(Saved entries)
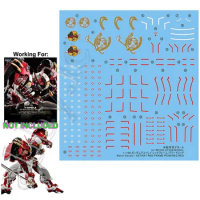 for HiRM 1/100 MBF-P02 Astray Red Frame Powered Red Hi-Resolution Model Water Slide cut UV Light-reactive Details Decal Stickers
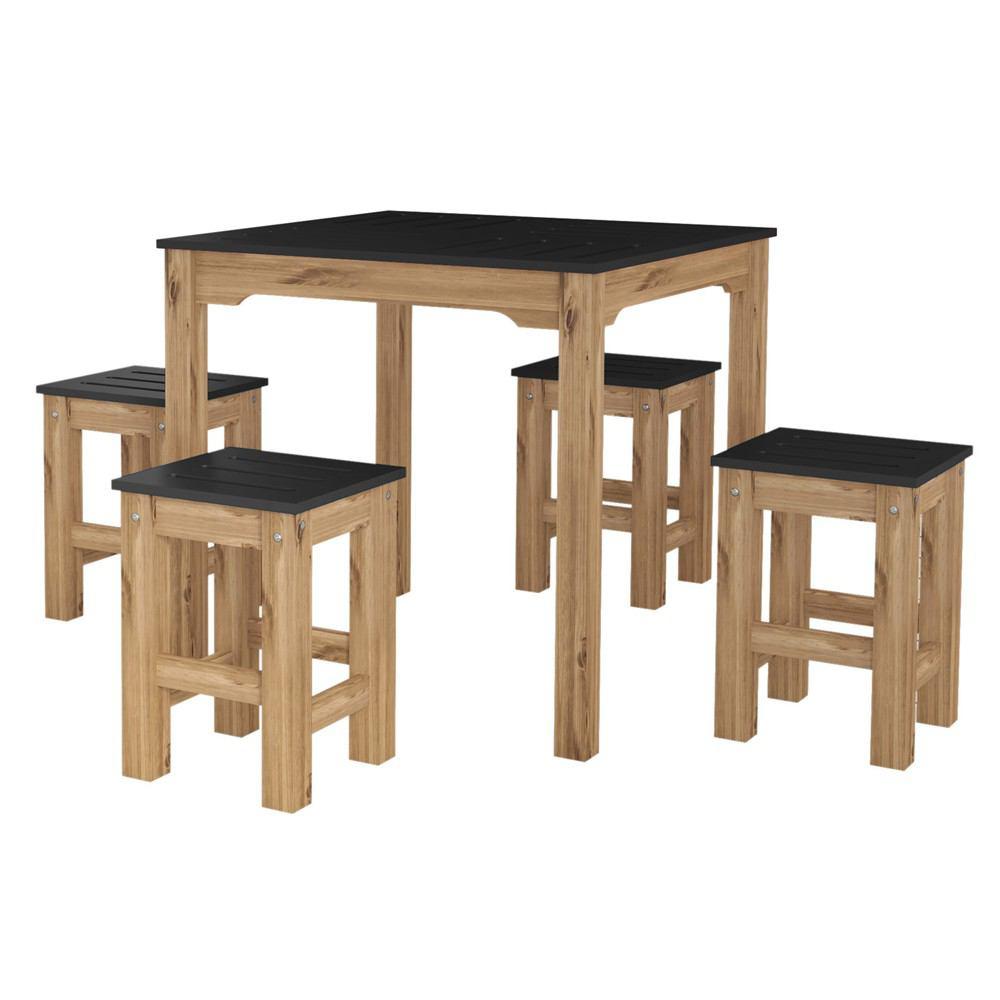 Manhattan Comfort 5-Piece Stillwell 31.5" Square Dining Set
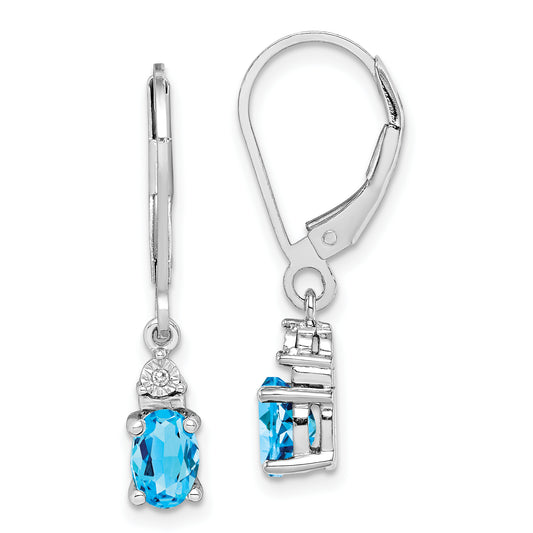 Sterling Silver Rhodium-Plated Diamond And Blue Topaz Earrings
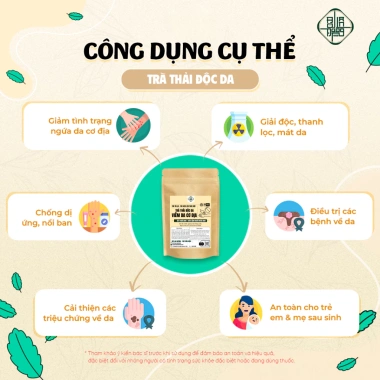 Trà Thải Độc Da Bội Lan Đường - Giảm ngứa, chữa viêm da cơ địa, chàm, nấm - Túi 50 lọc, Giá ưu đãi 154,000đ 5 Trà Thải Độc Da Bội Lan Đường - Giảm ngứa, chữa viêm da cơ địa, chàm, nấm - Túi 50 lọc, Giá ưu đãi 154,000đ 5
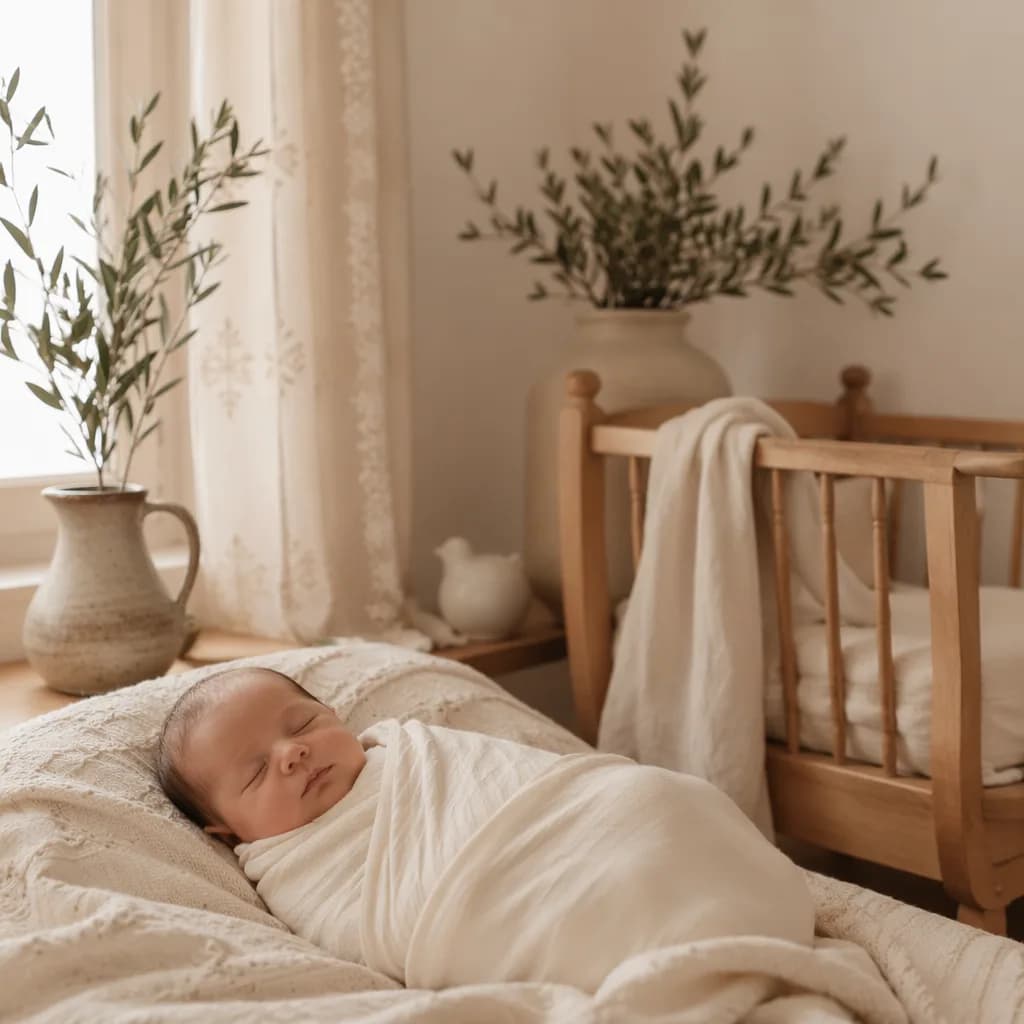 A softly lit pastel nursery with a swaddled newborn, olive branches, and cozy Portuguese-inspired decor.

==

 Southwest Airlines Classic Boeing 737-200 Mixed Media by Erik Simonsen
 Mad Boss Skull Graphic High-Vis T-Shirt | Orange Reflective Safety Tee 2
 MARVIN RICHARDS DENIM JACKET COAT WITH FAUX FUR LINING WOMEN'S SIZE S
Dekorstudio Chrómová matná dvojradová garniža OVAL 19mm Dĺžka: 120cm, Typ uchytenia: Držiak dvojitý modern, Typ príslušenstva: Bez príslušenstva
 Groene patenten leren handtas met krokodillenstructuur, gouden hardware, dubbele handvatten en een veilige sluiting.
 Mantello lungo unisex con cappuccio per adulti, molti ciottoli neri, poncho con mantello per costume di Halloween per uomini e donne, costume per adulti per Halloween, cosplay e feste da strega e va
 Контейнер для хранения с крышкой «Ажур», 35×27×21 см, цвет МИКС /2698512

▸ **WHAT YOU WILL DO**
While skipping the pictures, transcribe the data above from the line showing "for HiRM 1/100" through the line showing "A softly lit", exactly and with both ends.

▸ **EXERCISE ANSWER**
 for HiRM 1/100 MBF-P02 Astray Red Frame Powered Red Hi-Resolution Model Water Slide cut UV Light-reactive Details Decal Stickers
 Manhattan Comfort 5-Piece Stillwell 31.5" Square Dining Set
 Sterling Silver Rhodium-Plated Diamond And Blue Topaz Earrings
 Trà Thải Độc Da Bội Lan Đường - Giảm ngứa, chữa viêm da cơ địa, chàm, nấm - Túi 50 lọc, Giá ưu đãi 154,000đ 5 Trà Thải Độc Da Bội Lan Đường - Giảm ngứa, chữa viêm da cơ địa, chàm, nấm - Túi 50 lọc, Giá ưu đãi 154,000đ 5
 A softly lit pastel nursery with a swaddled newborn, olive branches, and cozy Portuguese-inspired decor.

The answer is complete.